**Exercise directions**
Which lines of the entries contain the string "already"? Please find them and copy them.

**Records for processing**
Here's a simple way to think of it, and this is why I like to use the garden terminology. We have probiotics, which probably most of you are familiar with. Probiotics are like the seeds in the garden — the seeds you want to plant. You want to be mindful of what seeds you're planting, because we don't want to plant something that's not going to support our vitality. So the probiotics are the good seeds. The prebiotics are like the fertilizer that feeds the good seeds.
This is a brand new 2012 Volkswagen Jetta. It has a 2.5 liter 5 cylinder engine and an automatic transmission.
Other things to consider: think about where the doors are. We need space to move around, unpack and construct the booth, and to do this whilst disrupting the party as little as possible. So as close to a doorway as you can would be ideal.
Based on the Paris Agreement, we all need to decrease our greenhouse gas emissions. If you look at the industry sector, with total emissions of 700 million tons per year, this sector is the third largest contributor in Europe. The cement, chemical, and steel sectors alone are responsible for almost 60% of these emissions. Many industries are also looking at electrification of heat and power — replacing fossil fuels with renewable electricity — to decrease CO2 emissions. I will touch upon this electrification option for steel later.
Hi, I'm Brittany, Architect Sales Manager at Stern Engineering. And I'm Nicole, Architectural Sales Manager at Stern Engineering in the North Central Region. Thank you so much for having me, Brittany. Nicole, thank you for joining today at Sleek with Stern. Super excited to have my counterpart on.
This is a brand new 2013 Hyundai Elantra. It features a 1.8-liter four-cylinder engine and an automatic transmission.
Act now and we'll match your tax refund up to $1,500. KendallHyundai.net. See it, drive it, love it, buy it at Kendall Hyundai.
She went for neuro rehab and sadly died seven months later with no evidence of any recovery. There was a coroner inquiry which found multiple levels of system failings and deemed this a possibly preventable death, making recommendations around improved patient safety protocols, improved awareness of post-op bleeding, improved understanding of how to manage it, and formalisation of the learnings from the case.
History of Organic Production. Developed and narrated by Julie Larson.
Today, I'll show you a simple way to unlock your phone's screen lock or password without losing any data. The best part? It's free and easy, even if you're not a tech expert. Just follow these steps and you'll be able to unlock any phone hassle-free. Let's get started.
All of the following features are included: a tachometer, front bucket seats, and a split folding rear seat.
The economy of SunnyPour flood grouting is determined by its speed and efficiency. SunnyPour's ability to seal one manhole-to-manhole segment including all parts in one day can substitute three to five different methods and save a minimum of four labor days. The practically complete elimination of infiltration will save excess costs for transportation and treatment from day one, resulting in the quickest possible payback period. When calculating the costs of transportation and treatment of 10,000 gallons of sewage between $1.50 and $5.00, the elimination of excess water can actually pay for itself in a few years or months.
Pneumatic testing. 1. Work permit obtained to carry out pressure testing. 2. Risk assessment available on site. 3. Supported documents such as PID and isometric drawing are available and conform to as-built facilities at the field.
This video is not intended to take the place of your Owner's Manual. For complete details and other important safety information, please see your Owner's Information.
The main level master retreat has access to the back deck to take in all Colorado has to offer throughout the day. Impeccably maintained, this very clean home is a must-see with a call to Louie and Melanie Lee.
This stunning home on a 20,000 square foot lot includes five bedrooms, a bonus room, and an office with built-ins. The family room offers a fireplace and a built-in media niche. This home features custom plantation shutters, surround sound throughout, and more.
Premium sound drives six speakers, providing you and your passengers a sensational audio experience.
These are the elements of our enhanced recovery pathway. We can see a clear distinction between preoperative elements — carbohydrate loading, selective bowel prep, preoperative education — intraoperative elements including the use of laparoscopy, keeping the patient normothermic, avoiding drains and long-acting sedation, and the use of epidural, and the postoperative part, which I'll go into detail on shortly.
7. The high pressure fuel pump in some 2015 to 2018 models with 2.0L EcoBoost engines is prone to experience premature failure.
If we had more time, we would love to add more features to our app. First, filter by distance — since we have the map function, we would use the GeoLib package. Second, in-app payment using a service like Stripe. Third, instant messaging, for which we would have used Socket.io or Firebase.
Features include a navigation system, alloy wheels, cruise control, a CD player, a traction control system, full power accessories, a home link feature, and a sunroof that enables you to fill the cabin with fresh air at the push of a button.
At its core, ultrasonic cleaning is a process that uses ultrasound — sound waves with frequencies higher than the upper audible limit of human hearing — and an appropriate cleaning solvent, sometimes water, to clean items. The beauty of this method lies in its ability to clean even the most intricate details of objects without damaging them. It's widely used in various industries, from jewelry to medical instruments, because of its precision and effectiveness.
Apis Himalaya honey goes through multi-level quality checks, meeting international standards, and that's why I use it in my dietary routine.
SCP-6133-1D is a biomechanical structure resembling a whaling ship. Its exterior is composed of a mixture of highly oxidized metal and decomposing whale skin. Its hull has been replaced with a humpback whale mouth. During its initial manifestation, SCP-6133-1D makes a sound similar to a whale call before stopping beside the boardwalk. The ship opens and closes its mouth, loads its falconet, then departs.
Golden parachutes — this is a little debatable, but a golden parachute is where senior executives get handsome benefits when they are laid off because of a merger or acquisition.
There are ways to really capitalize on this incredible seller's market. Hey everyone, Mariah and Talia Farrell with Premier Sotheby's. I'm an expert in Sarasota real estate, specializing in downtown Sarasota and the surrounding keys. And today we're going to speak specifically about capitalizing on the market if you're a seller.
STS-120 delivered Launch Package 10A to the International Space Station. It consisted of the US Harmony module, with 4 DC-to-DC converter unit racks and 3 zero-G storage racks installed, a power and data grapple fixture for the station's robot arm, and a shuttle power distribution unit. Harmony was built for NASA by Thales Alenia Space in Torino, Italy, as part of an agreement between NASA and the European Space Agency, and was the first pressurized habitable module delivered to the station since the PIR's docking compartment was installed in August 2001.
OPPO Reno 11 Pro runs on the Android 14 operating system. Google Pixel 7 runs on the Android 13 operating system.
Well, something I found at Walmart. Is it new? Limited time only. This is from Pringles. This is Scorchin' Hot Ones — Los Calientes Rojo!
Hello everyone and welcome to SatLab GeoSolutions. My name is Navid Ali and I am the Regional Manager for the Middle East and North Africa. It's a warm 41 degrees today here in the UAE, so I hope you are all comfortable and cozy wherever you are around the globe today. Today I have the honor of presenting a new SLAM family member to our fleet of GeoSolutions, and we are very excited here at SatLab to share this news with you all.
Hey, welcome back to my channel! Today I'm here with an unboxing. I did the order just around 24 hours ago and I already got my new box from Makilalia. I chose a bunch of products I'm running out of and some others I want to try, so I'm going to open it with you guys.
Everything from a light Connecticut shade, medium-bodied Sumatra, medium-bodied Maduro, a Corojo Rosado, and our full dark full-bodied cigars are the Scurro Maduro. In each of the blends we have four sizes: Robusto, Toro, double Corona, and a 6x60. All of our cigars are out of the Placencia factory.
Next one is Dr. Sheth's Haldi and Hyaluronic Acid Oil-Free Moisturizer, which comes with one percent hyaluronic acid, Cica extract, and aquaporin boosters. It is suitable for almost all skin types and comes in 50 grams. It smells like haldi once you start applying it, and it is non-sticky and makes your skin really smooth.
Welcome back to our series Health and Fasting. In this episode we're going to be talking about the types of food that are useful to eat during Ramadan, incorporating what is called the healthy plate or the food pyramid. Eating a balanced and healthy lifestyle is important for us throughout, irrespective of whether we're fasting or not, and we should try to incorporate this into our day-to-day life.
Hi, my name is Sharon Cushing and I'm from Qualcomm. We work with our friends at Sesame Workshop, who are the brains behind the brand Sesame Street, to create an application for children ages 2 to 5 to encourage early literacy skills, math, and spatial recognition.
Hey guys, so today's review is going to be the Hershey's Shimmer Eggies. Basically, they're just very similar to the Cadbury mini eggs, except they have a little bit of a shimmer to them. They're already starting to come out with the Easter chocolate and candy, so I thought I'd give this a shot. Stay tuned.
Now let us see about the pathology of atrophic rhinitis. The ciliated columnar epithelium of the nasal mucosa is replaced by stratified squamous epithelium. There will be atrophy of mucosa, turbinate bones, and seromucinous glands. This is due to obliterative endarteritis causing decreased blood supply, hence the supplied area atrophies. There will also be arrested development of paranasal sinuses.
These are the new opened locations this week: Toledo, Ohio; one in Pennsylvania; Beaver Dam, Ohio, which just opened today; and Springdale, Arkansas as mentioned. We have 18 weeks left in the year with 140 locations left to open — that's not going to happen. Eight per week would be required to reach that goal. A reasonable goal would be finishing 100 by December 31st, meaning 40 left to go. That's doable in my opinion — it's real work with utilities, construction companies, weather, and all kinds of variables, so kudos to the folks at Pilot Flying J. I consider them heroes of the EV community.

**Answer box**
Hey, welcome back to my channel! Today I'm here with an unboxing. I did the order just around 24 hours ago and I already got my new box from Makilalia. I chose a bunch of products I'm running out of and some others I want to try, so I'm going to open it with you guys.
Hey guys, so today's review is going to be the Hershey's Shimmer Eggies. Basically, they're just very similar to the Cadbury mini eggs, except they have a little bit of a shimmer to them. They're already starting to come out with the Easter chocolate and candy, so I thought I'd give this a shot. Stay tuned.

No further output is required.